As Taylor notes, manufactured insecurity also affects everyone, rich and poor, albeit in different ways.
Thus the phenomenon of ‘fractal inequality’ in which those in the top 10 percent of wealth envy the top 1 percent, the 1 percent envy the 0.1 percent, and so on.
Taylor illustrates this with the story of a woman who, following a substantial inheritance, had joined a network of wealthy people wanting to donate to social causes: ‘The main effect of coming to know other wealthy people, she told me, was that she felt poor and insecure by comparison.’
(Long ago, Adam Smith noted that: ‘Power and riches appear then to be, what they are, enormous and operose [laborious] machines contrived to produce a few trifling conveniences to the body, consisting of springs the most nice and delicate, which must be kept in order with the most anxious attention, and which in spite of all our care are ready every moment to burst into pieces, and to crush in their ruins their unfortunate possessor.’)
Many of the actions taken in the name of addressing our insecurities – privatisation of health care, mass incarceration, SUVs, the ‘war on terror’, nuclear weapons, and so on… – actually make us less secure.
But, Taylor argues, if we rethink the idea – crucially, distinguishing between existential insecurity and the manufactured variety – security ‘could cease to be a conservative concept aimed at fortifying one’s self and possessions against a hostile state and instead become a progressive principle, one that can help us make society more equitable and just.’
Indeed, ‘[t]he simple recognition of our mutual vulnerability – of the fact that we all need and deserve care throughout our lives – has potentially revolutionary implications.’
One of the many upsides of this approach is that it should also serve to undermine the current lurch towards far-right extremism in many parts of the world: ‘History shows that increased material security helps people be more open-minded, tolerant and curious, whereas rising insecurity does the reverse, causing dogmatism, rigidity, and bigotry to spike.’
As in her previous books (see PN 2644 – 2645 and 2657), Taylor draws on a huge variety of sources to make her arguments, ranging from classical myth and the 13th-century Charter of the Forest, to Franz Kafka’s office writings (for the Workers’ Accident Insurance Institute of the Kingdom of Bohemia) and the path-breaking scholarship of Virginia DeJohn Anderson (on the crucial role played by livestock in the colonisation of north America), Martha Jackman (on Canadian constitutional law) and Ronald Inglehart (on the origins of the 1960s social movements).
These being the Massey lectures (a Canadian institution) and Taylor herself having been born in Canada, there is also a welcome focus on Canadian examples, with a significant thread focusing on indigenous struggles.
Personal stories, etymological asides, inspiring examples, and some shocking factoids leaven the mix of this exceptionally rich work.
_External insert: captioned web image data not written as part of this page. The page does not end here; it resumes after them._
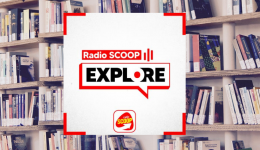 Radio SCOOP Explore, le podcast de la rédaction.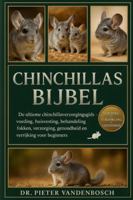 Chinchillas Bijbel: De ultieme chinchillaverzorgingsgids – voeding, huisvesting, behandeling, fokken, verzorging, gezondheid en verrijking voor beginners B0G351X4YG Book Cover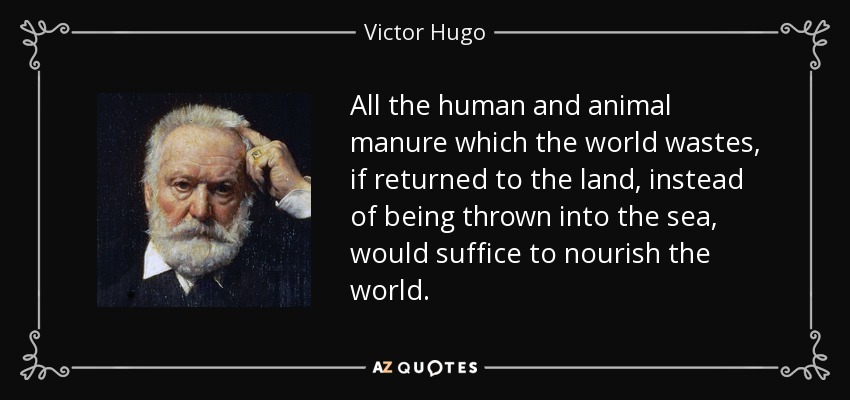 All the human and animal manure which the world wastes, if returned to the land, instead of being thrown into the sea, would suffice to nourish the world. - Victor Hugo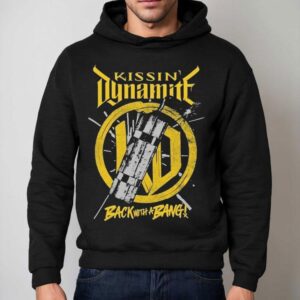Kissin Dynamite Back With A Bang Album Boom Hoodie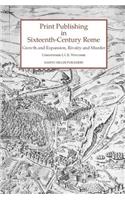 Print Publishing in Sixteenth-Century Rome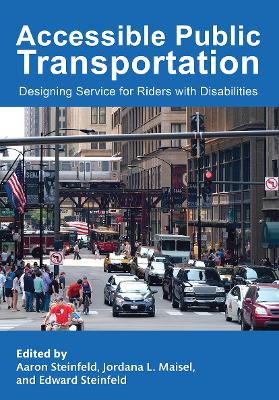 Accessible Public Transportation: Designing Service for Riders with Disabilities book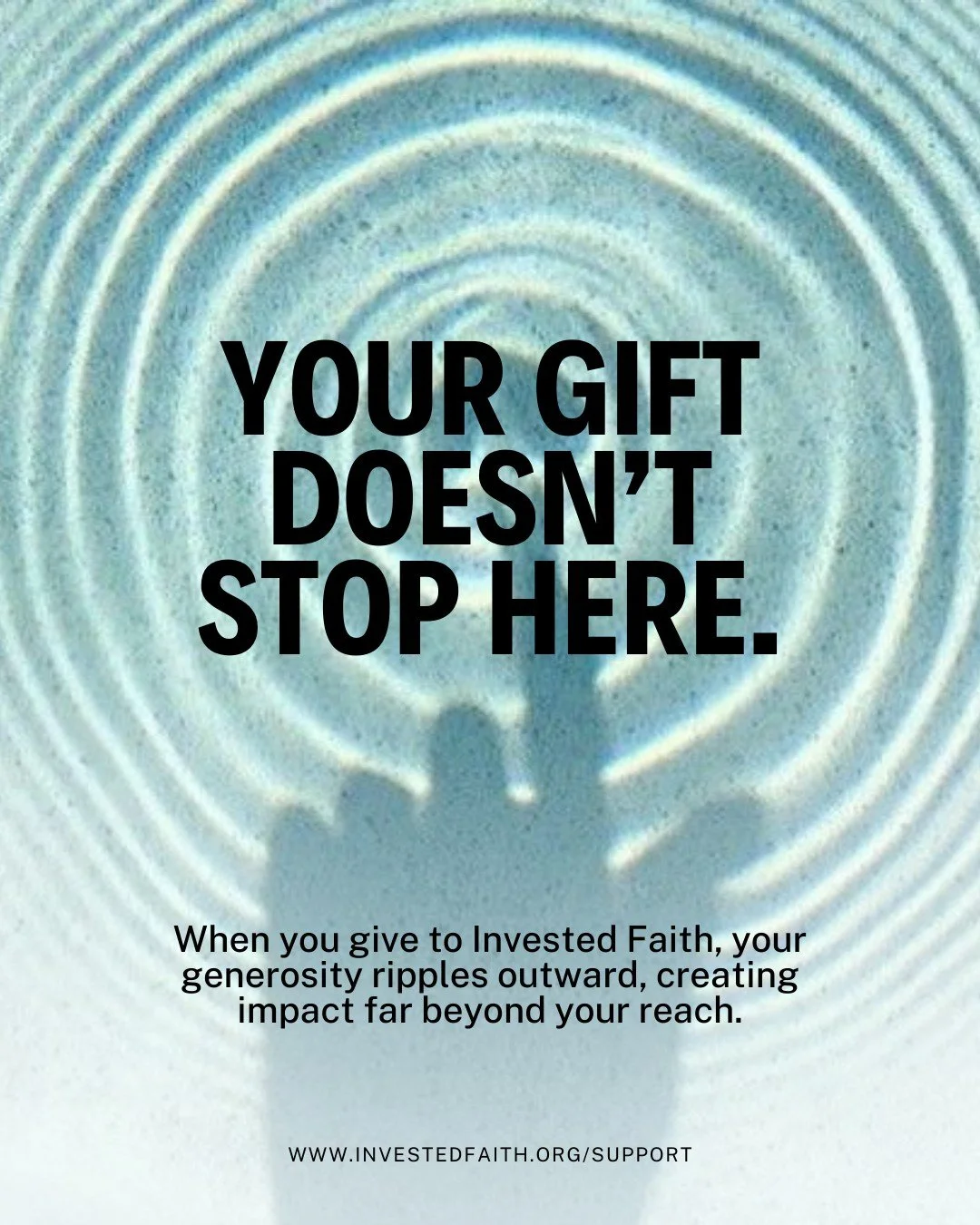 Your support doesn&rsquo;t just help one person or one project. When you give to Invested Faith, your generosity ripples outward, impacting entire communities, reaching people and places you may never even meet. 

... And multiple ripples have the po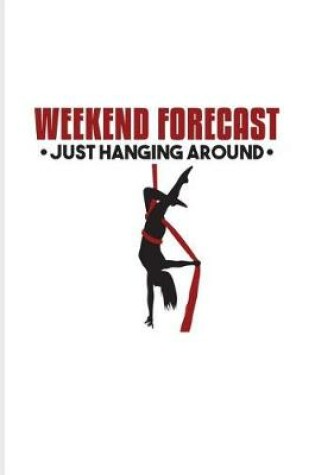 Cover of Weekend Forecast Just Hanging Around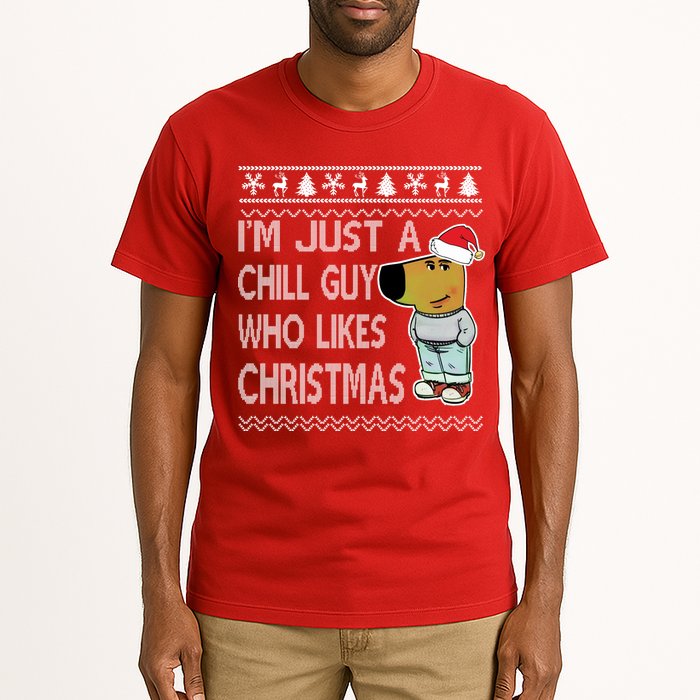 I Am Just A Chill Guy Who Likes Christmas Chillguy Funny Ugly Christmas Tall T-Shirt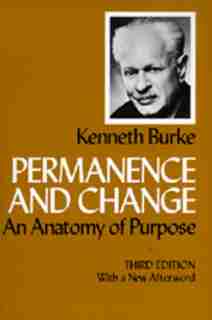 Permanence and Change: An Anatomy of Purpose, Third edition by Kenneth Burke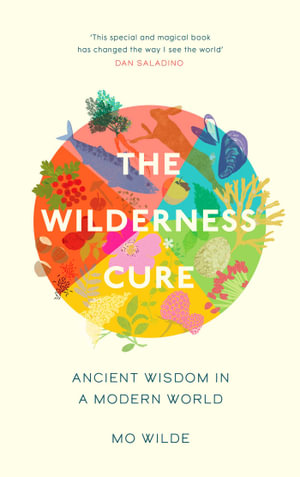 The Wilderness Cure - Mo Wilde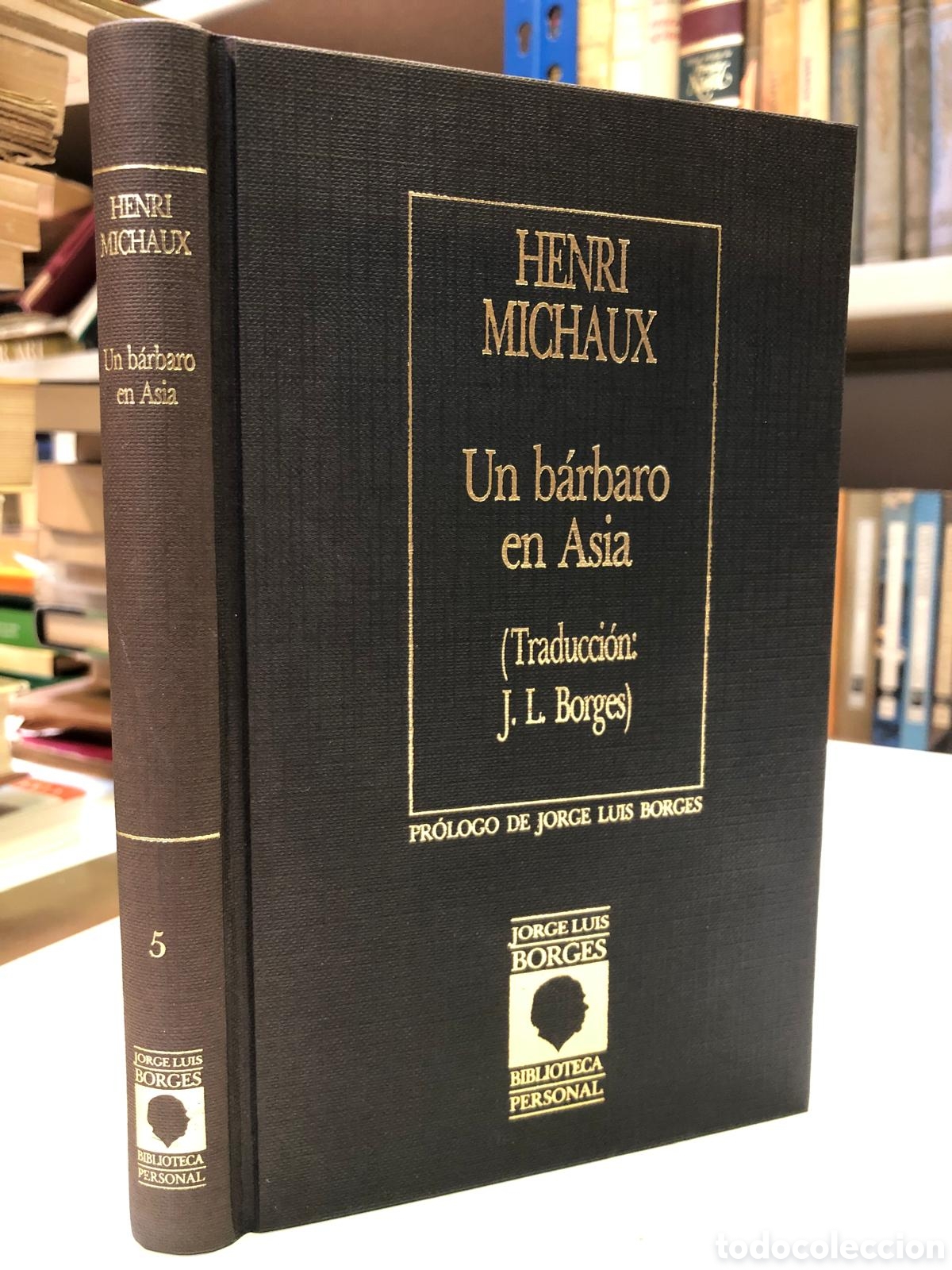 Gebrauchte B&uuml;cher: Un b&aacute;rbaro en Asia - Henri Michaux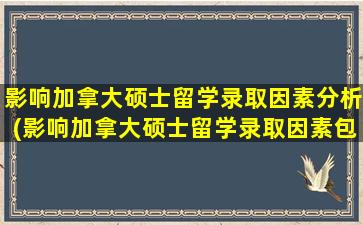 影响加拿大硕士留学录取因素分析(影响加拿大硕士留学录取因素包括)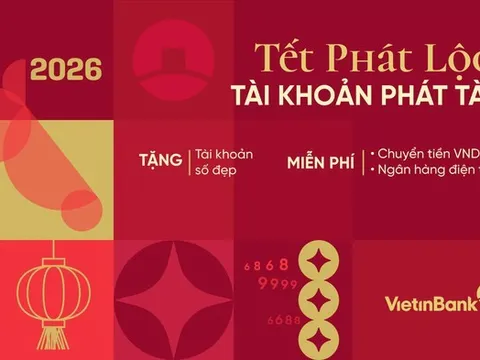 Tết phát lộc – Tài khoản phát tài với ưu đãi từ VietinBank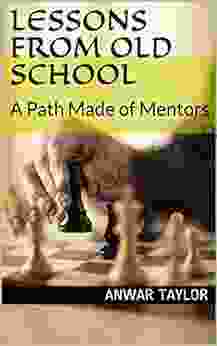 Lessons From Old School: A Path Made Of Mentors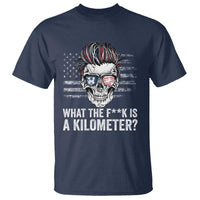 WTF Is A Kilometer T Shirt Funny Skull American Joke Patriotic - Wonder Print Shop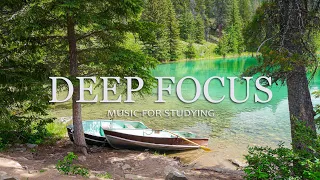 Deep Focus Music To Improve Concentration - 12 Hours of Ambient Study Music to Concentrate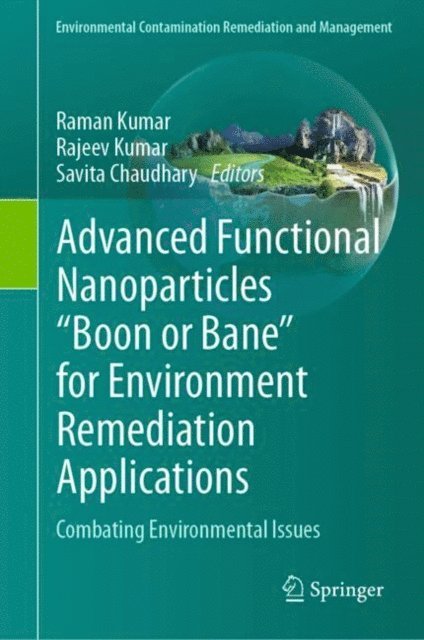 Savita Chaudhary, Rajeev Kumar, Raman Kumar - Advanced Functional Nanoparticles &quote;Boon or Bane&quote; for Environment Remediation Applications, E-bok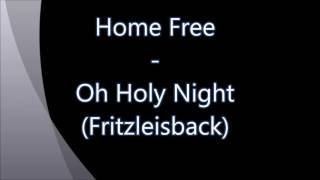 Home Free - Oh Holy Night (Fritzleisback)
It’s a shame that there’s no index but, on the plus side, you can listen to the original lectures for free online:
www.tinyurl.com/ageofinsecurity
This is a must-read work for our ‘strange and scrambled political moment, at once prosperous and precarious, encouragingly open-minded and dangerously reactive’.
For, as US president Franklin Delano Roosevelt noted long ago: ‘There can be no security for the individual in the midst of general insecurity’.